──────── Source information ────────

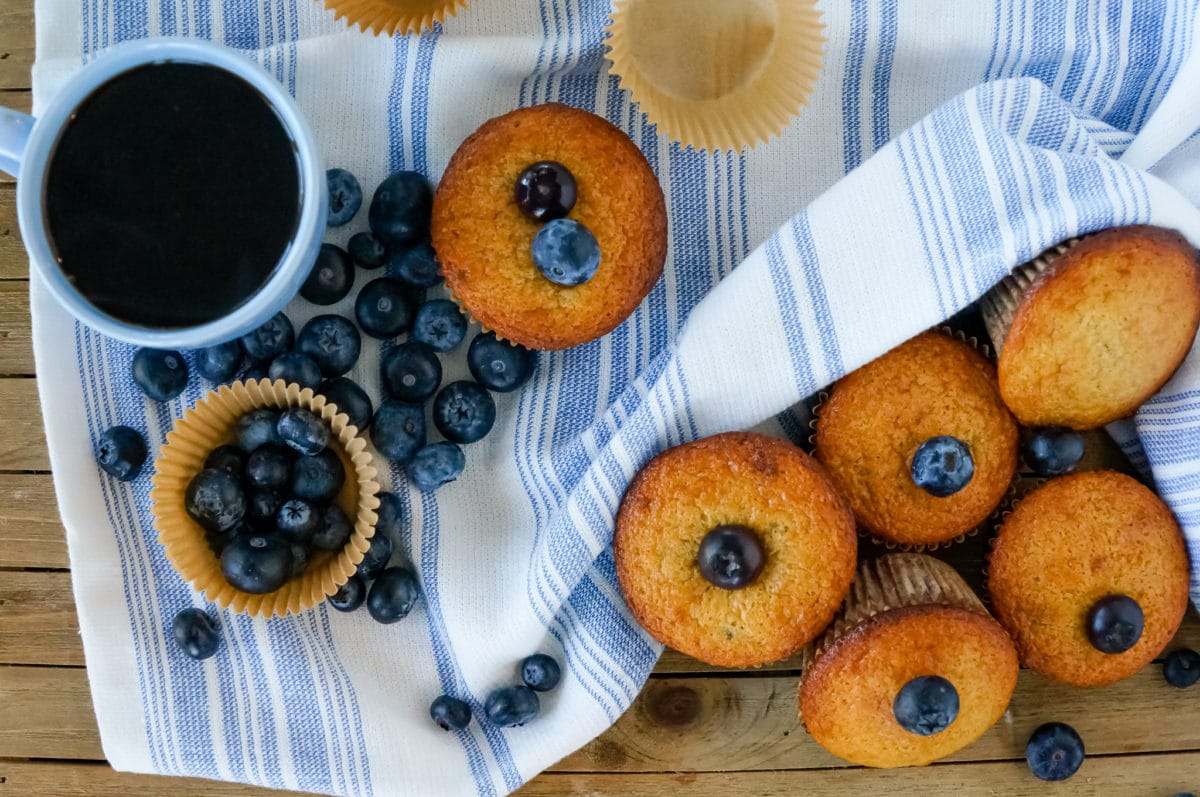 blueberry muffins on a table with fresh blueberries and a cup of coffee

────────
──────── Source information ────────

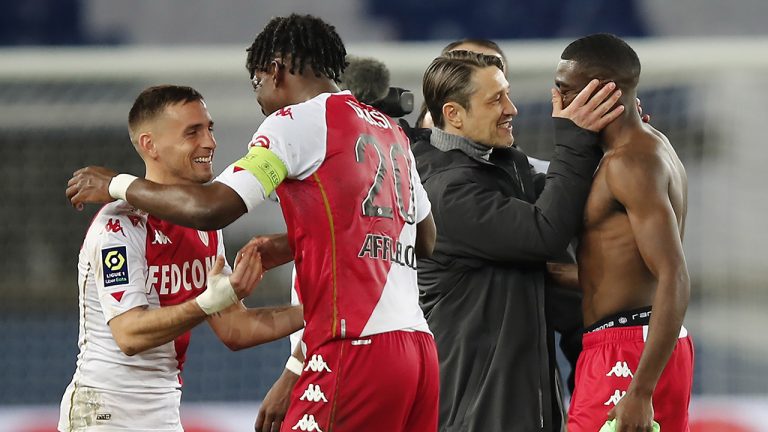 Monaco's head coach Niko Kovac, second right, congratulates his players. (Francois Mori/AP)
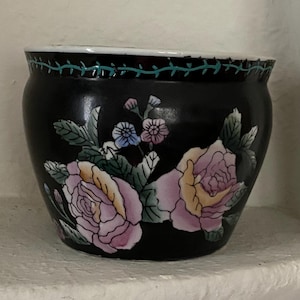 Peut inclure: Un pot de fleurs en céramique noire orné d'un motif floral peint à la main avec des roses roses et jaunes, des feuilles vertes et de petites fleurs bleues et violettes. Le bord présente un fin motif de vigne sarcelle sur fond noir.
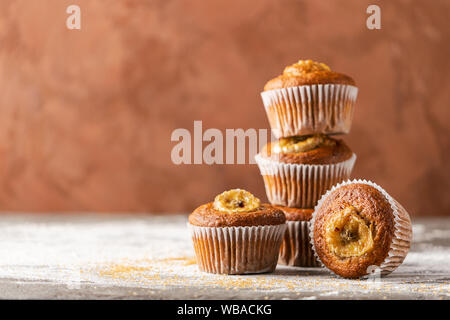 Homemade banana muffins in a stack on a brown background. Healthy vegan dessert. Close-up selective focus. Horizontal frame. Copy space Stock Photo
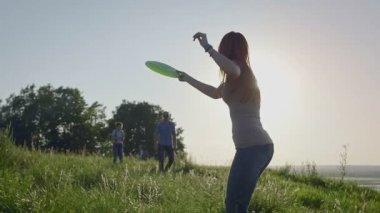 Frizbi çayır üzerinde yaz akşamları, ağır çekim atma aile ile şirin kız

────────

▶ _Assigned task_
Looking at the listing above, which lines run from the one containing "Homemade banana muffins" through the one containing "Frizbi çayır üzerinde"? Print exactly those, ends included, pictures excluded.

▶ _Written answer_
 Homemade banana muffins in a stack on a brown background. Healthy vegan dessert. Close-up selective focus. Horizontal frame. Copy space Stock Photo
 Frizbi çayır üzerinde yaz akşamları, ağır çekim atma aile ile şirin kız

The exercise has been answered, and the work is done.